Before diving into the setup, it helps to understand how Prometheus and Alertmanager work together and what additional tools facilitate Docker monitoring.

Prometheus

Prometheus is an open-source monitoring and alerting toolkit designed for reliability and scalability. It operates by pulling (scraping) metrics from configured endpoints at specified intervals and storing them in a time-series database. The powerful PromQL query language allows you to slice, aggregate, and transform the collected data. Prometheus excels at collecting numeric time-series data such as CPU usage, memory consumption, request rates, and container health states.

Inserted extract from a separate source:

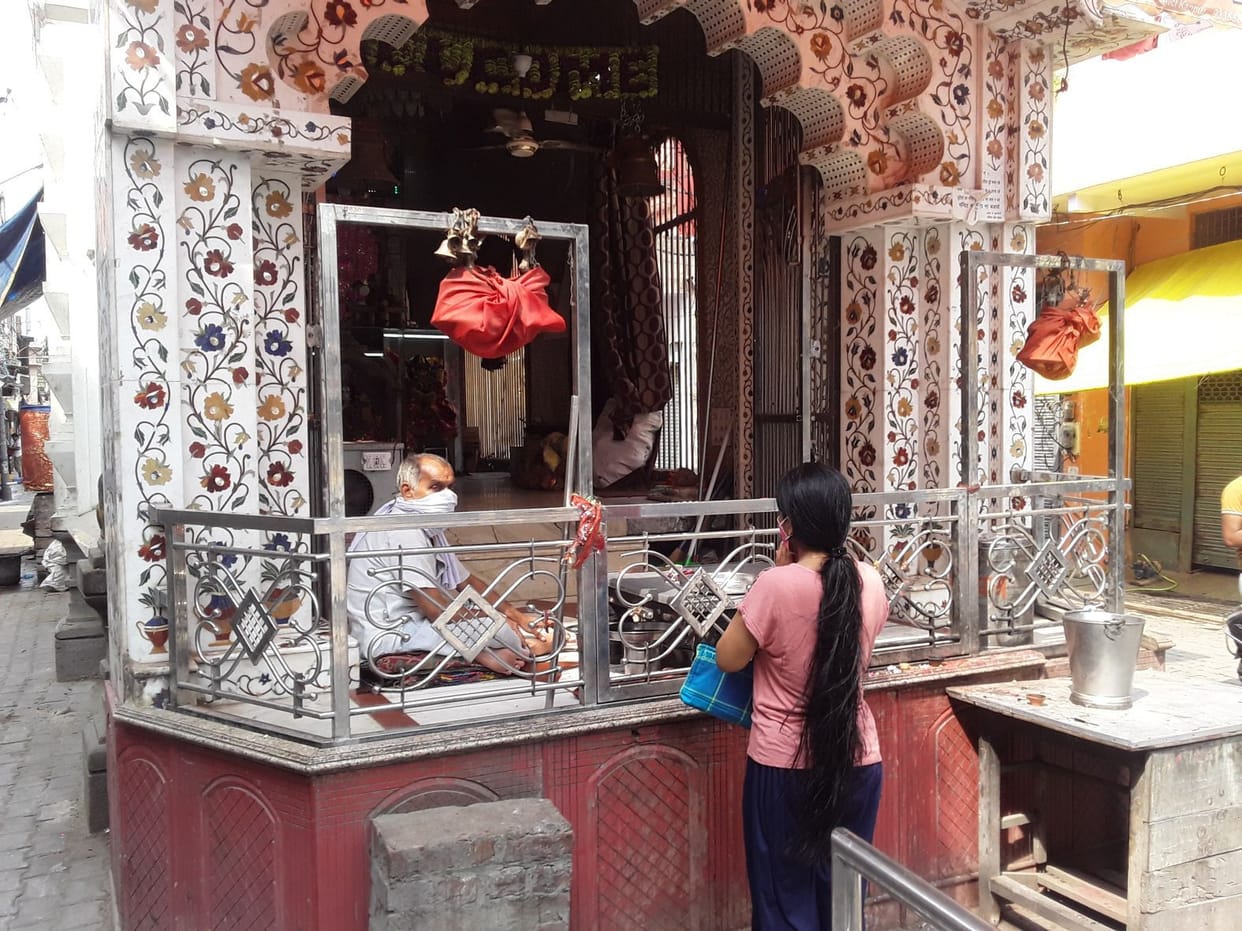 Farrukhabad: People without mask-helmets had to be put up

Prometheus can scrape metrics from various exporters. For Docker containers, the most common exporters are cAdvisor (for container-level resource usage) and the Node Exporter (for host-level metrics). Prometheus also supports service discovery, which can automatically detect new containers when integrated with orchestrators like Kubernetes.

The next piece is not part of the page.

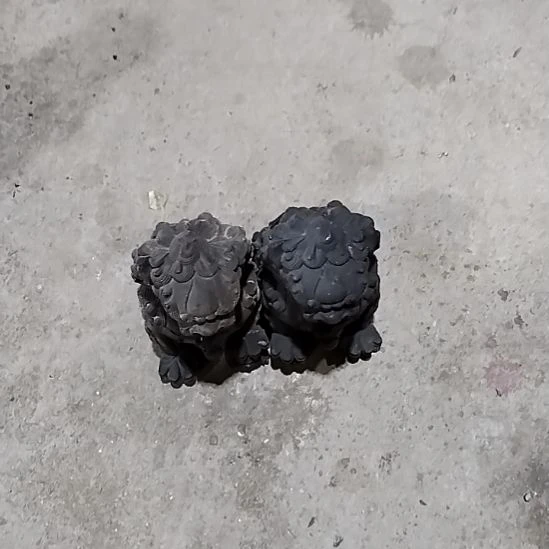 嘉***言瓷器黑色的形状的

Learn more on the official project page: Prometheus Overview

Alertmanager

Alertmanager is the component that handles alerts fired by Prometheus. It deduplicates, groups, and routes alerts to the appropriate receivers. Alertmanager supports multiple notification channels including email, Slack, PagerDuty, OpsGenie, and custom webhooks. Its flexible routing tree allows you to send high-severity alerts to email and pagers while low-severity alerts go to a Slack channel.

Alertmanager also provides silencing and inhibition features, giving operators time to investigate without being flooded by repetitive notifications. Deployment is usually side-by-side with Prometheus, often via a shared Docker Compose file.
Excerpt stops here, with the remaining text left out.